From c4480d7c99d19d57969a6f996554c76ac07d7804 Mon Sep 17 00:00:00 2001
From: Andy Charlwood <andrew.charlwood@gmail.com>
Date: Sun, 15 Feb 2026 18:01:51 +0000
Subject: [PATCH] feat: US-005 - Implement cosine similarity search module

---
 Ralph/prd.json             |  2 +-
 Ralph/progress.txt         | 13 ++++++++++++
 src/lib/semantic-search.ts | 42 ++++++++++++++++++++++++++++++++++++++
 3 files changed, 56 insertions(+), 1 deletion(-)
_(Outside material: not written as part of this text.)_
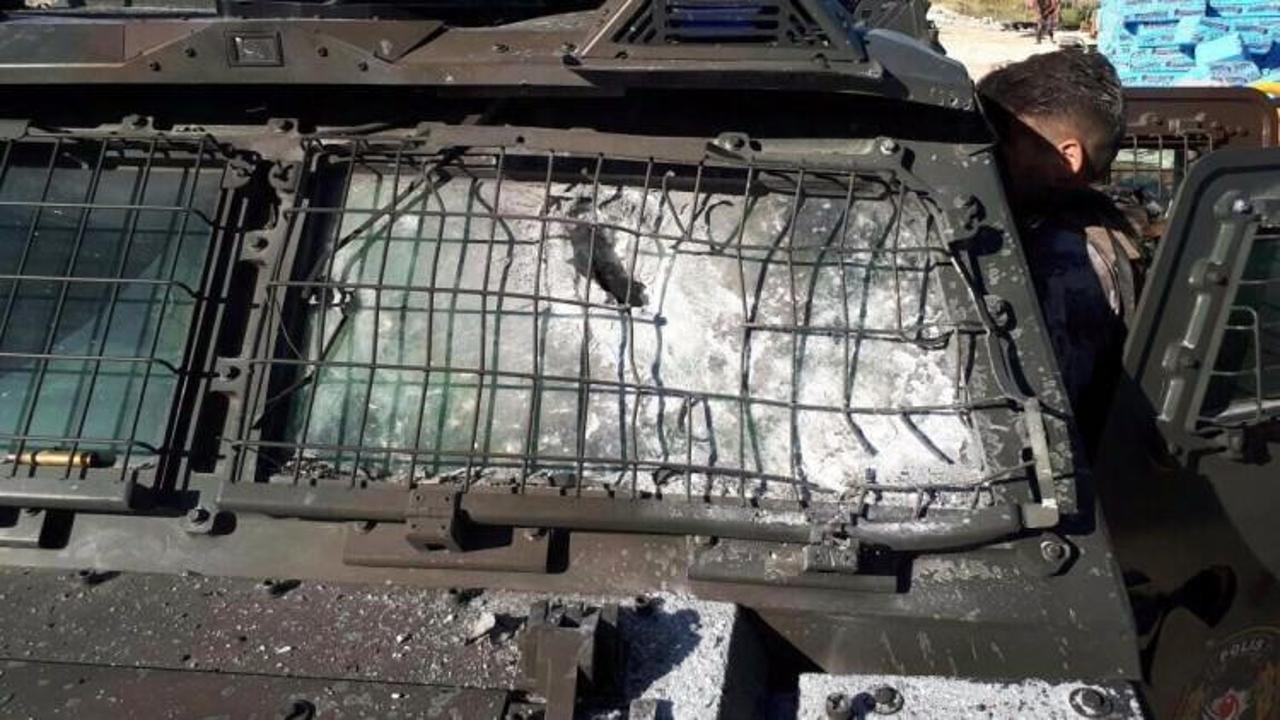 Diyarbakır'da polis aracına roketatarlı saldırı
 create mode 100644 src/lib/semantic-search.ts

diff --git a/Ralph/prd.json b/Ralph/prd.json
index c7549ee..272ad49 100644
--- a/Ralph/prd.json
+++ b/Ralph/prd.json
@@ -89,7 +89,7 @@
         "Typecheck passes"
       ],
       "priority": 5,
-      "passes": false,
+      "passes": true,
       "notes": "Keep the cosine similarity implementation simple — no libraries needed for 384-d vectors over ~40 items. The loadEmbeddings function can use a dynamic import or direct import of the JSON file (Vite handles JSON imports natively)."
     },
     {
diff --git a/Ralph/progress.txt b/Ralph/progress.txt
index b2d9467..621f254 100644
--- a/Ralph/progress.txt
+++ b/Ralph/progress.txt
@@ -12,6 +12,7 @@
 - `src/data/embeddings.json` is an array of `{ id: string, embedding: number[] }` — 42 items, 384-d vectors, IDs match PaletteItem IDs. Vite imports JSON natively.
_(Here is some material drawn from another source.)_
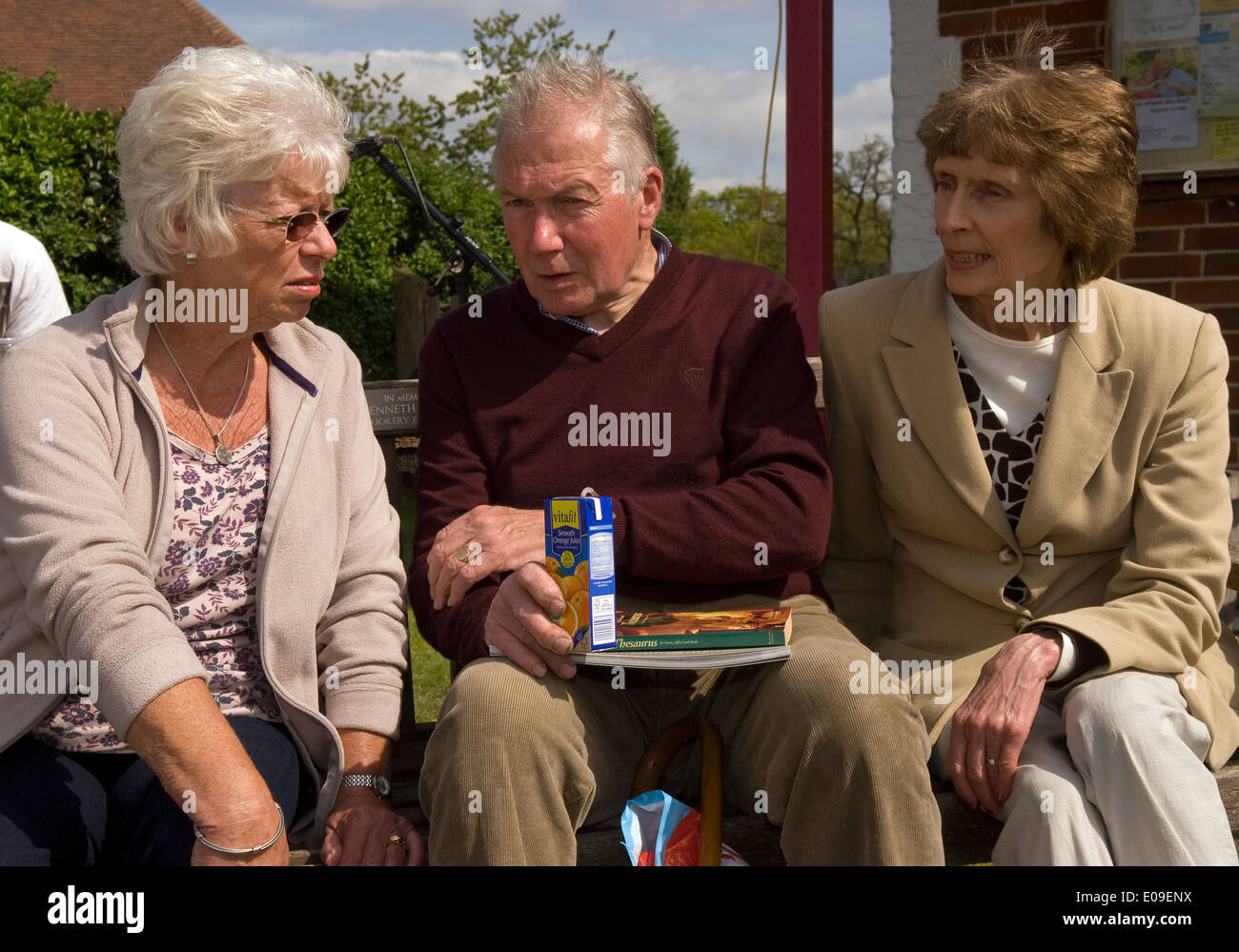 3 Les personnes âgées participant à oakhanger peut fayre, oakhanger, Hampshire, Royaume-Uni. Banque D'Images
 - `src/lib/embedding-model.ts` exports `initModel()`, `embedQuery(text)`, `isModelReady()` — check `isModelReady()` before calling `embedQuery()`
 - `initModel()` is called fire-and-forget in `App.tsx` on mount — model loads during boot/ECG/login phases
+- `src/lib/semantic-search.ts` exports `semanticSearch(queryEmbedding, embeddings, threshold?)` and `loadEmbeddings()` — embeddings are normalized so cosine similarity is dot(a,b)/(mag(a)*mag(b))
 
 ---
 
@@ -80,3 +81,15 @@
   - `initModel()` is intentionally not awaited — it's fire-and-forget so it doesn't block the boot animation
   - Consumers should check `isModelReady()` before calling `embedQuery()` — it throws if model isn't loaded
 ---
+
+## 2026-02-15 - US-005
+- Created `src/lib/semantic-search.ts` with cosine similarity search and embeddings loader
+- `semanticSearch()` computes cosine similarity, filters by threshold (default 0.3), returns sorted by score descending
+- `loadEmbeddings()` imports `embeddings.json` via Vite's native JSON import and returns typed array
+- Typecheck and lint pass (0 new warnings)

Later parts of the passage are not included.